Soon afterwards, the estimates for the Court Expenses were sent to me by the Colonial Secretary, and I, knowing nothing about the matter, handed the paper to the Deputy Registrar, who is also the Sheriff and Clerk of the Court, to fill up the figures, which he did. On his suggestion, I sent the paper on to the Chief Justice to make any alterations he thought proper. He returned the paper with a written note that it had not been sent in the proper way.
On the following day, I saw him, and he said I ought to write to the Colonial Secretary and tell him that he had made a mistake in sending it. At least, I have been told he said so. About the matter, the day before yesterday, the Chief Justice came down to the court to pass some final accounts in intestacy, which I had prepared as a merely formal matter, but necessary to be done before the estates are finally disposed of.

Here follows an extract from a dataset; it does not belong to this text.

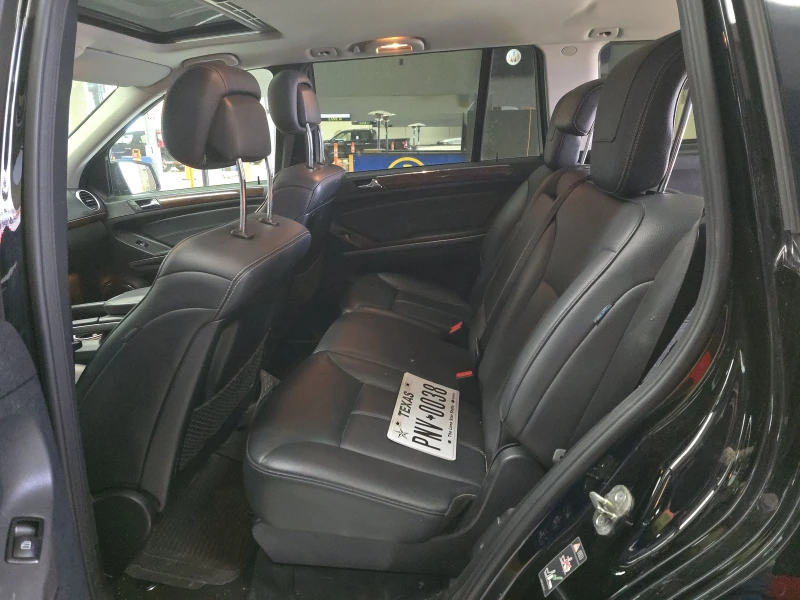 Mercedes-Benz GL 450 4.6 4MATIC * ФИКСИРАНА ЦЕНА* , снимка 9 - Автомобили и джипове - 53099542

When, on my approaching him, he began to insult me in the most outrageous manner, as though he were labouring under extreme cerebral irritation. In fact, I never heard or saw a lunatic more violent in language and gesture. Fortunately, no one was present.

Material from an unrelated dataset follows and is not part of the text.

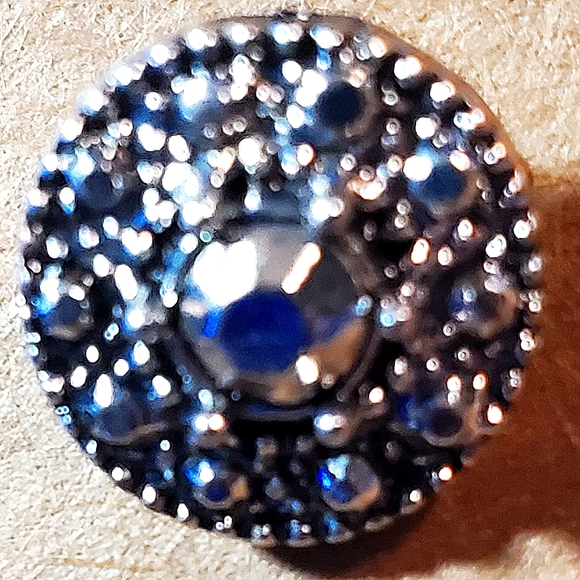 Beautiful jeweled studs. Photos do this pair no justice. - Picture 2 of 2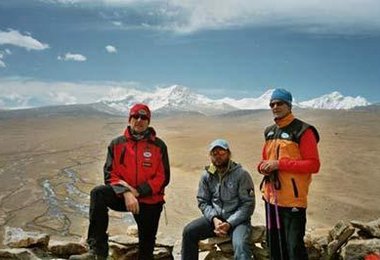 Das Team vor dem Berg..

As soon as the Registrar came in, he moderated his tone and said he should adjourn the Court, as I was the petitioner. I said I would not do that, as there clearly was no mistake - in which he said that he was the Head of the Department and I was only his clerk. I simply replied that I was Registrar and he was Chief Justice, and then the matter ended, as I thought. I returned the Estimates signed and thought no more about it.

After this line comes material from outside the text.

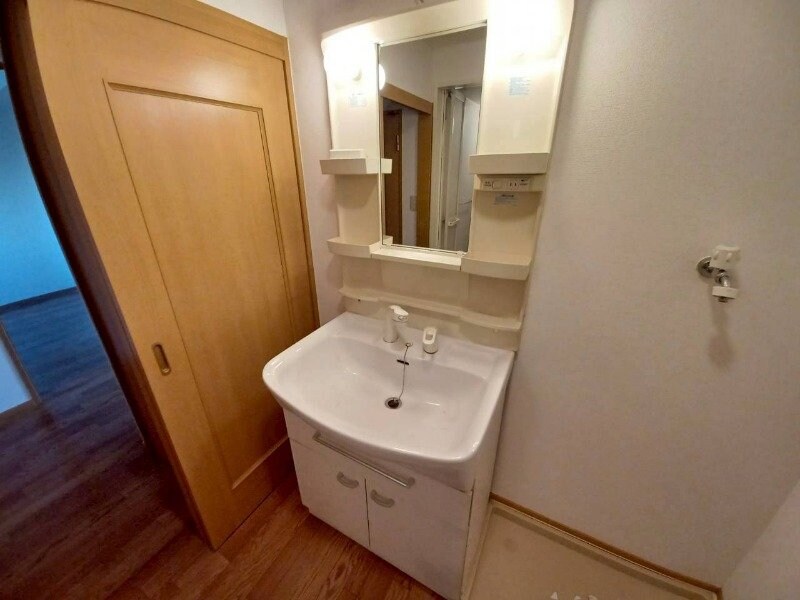 同型参考写真 オビー・ビュー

I must attend. I then adjourned the Court, and very shortly afterwards, I received from him a long letter charging me with disrespect to the Court and adverting to my having sent in the Estimates and acted as the head of the Department. The letter, which I have, will speak for itself. One of the counts he makes is even more than the others; it is that I wrote to the Colonial Secretary to ask for a rise in the salary of a man from $40 to $50 per month. It seems that Barros had made some complaint before he went, for the man is really a hardworking individual.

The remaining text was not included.